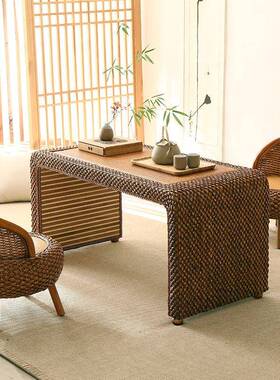 日榻式小藤编阳台桌PDD50676椅闲榻米茶几加高桌子休茶桌简约茶台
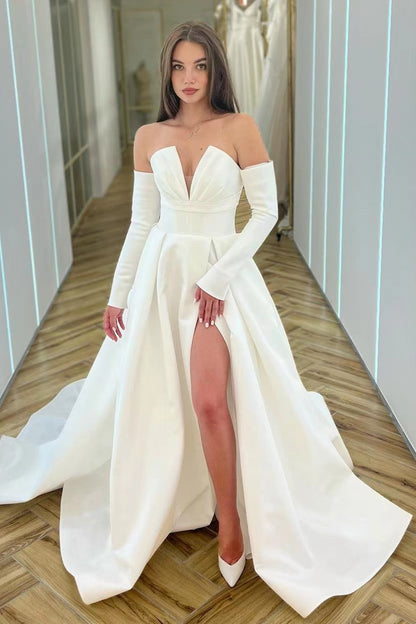 White Long Sleeves V-Neck A-Line Prom Dress With Split ED0247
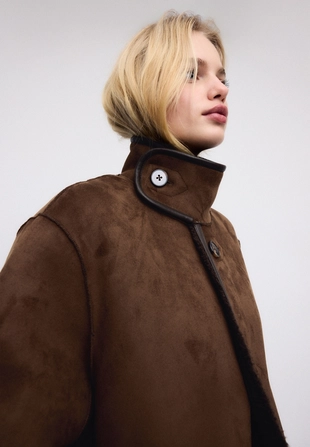 Длинное двустороннее пальто с двойной поверхностью- Заказать в России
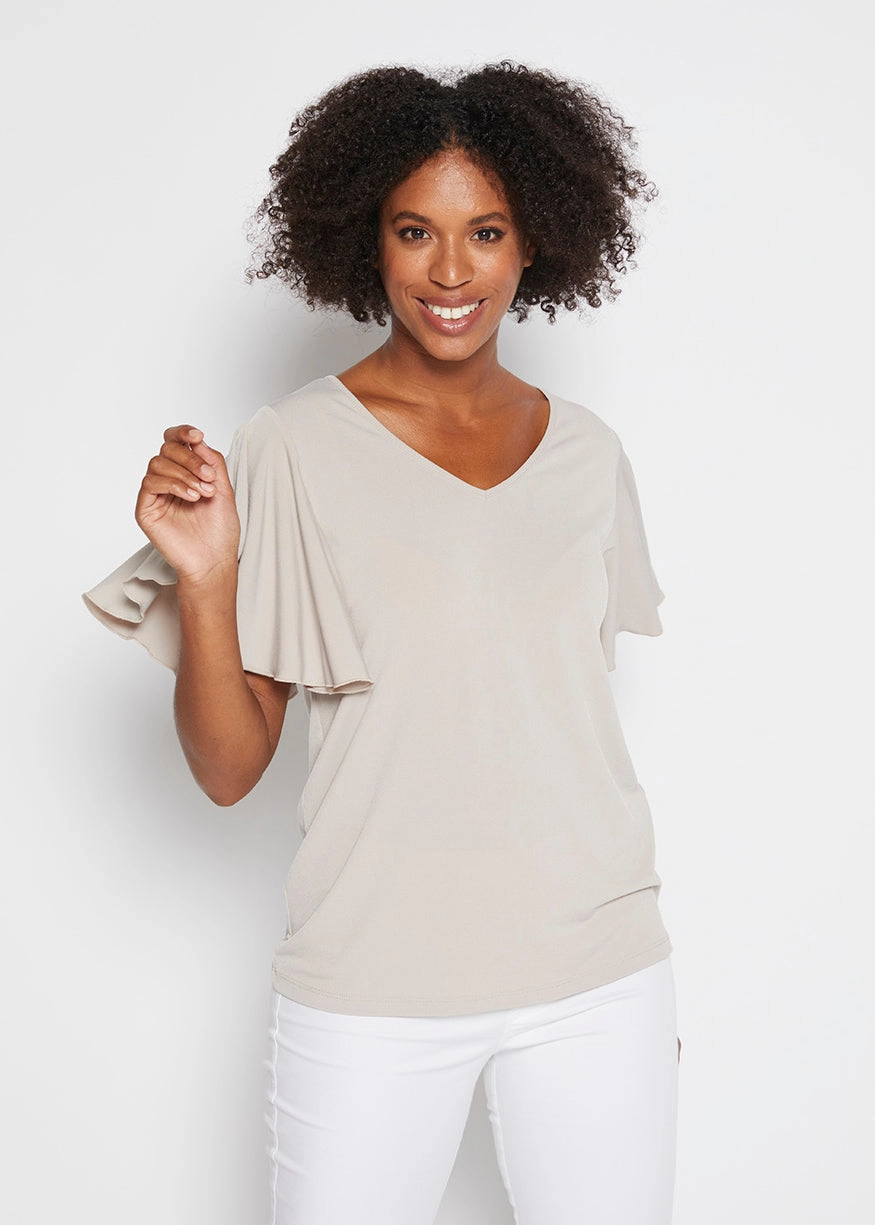 Wing Jersey Reversible Flutter Top in Champagne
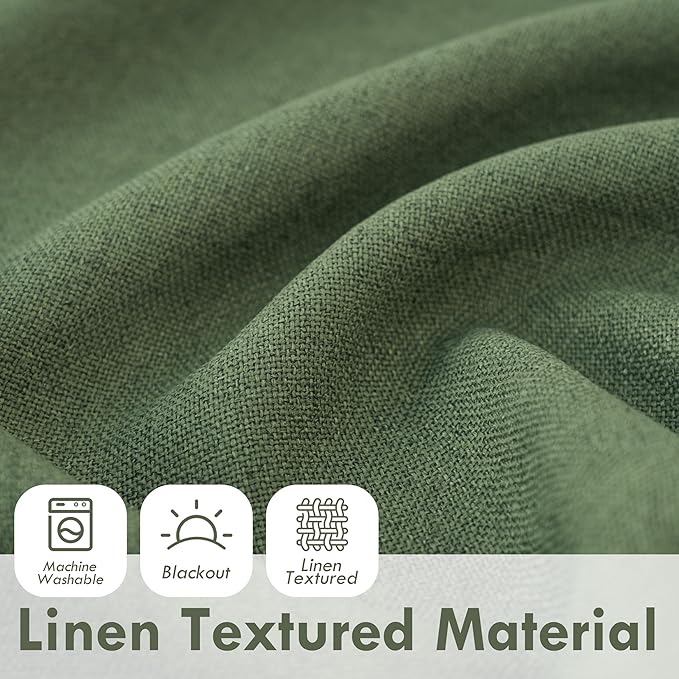DriftAway Double Layer Linen Blackout Tie Up Curtains Thermal Insulated Fully Lined Balloon Roman Shade Bathroom Window Adjustable Rod Pocket for Small Window 31 Inch by 47 Inch Olive Green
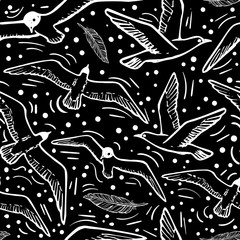 Black and white seamless hand drawn background with flying Sea Bird and Seagull Vector Illustration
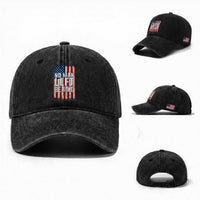 No Man Left Behind Patriotic Washed Cotton Baseball Cap Distressed American Flag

---*---

PROBLEM STATEMENT: In the data above, find the line with "Длинное двустороннее пальто" and the line with "DriftAway Double Layer". Please copy exactly those two lines and every line between them, but not the pictures.

EXPECTED OUTPUT:
 Длинное двустороннее пальто с двойной поверхностью- Заказать в России
 Wing Jersey Reversible Flutter Top in Champagne
DriftAway Double Layer Linen Blackout Tie Up Curtains Thermal Insulated Fully Lined Balloon Roman Shade Bathroom Window Adjustable Rod Pocket for Small Window 31 Inch by 47 Inch Olive Green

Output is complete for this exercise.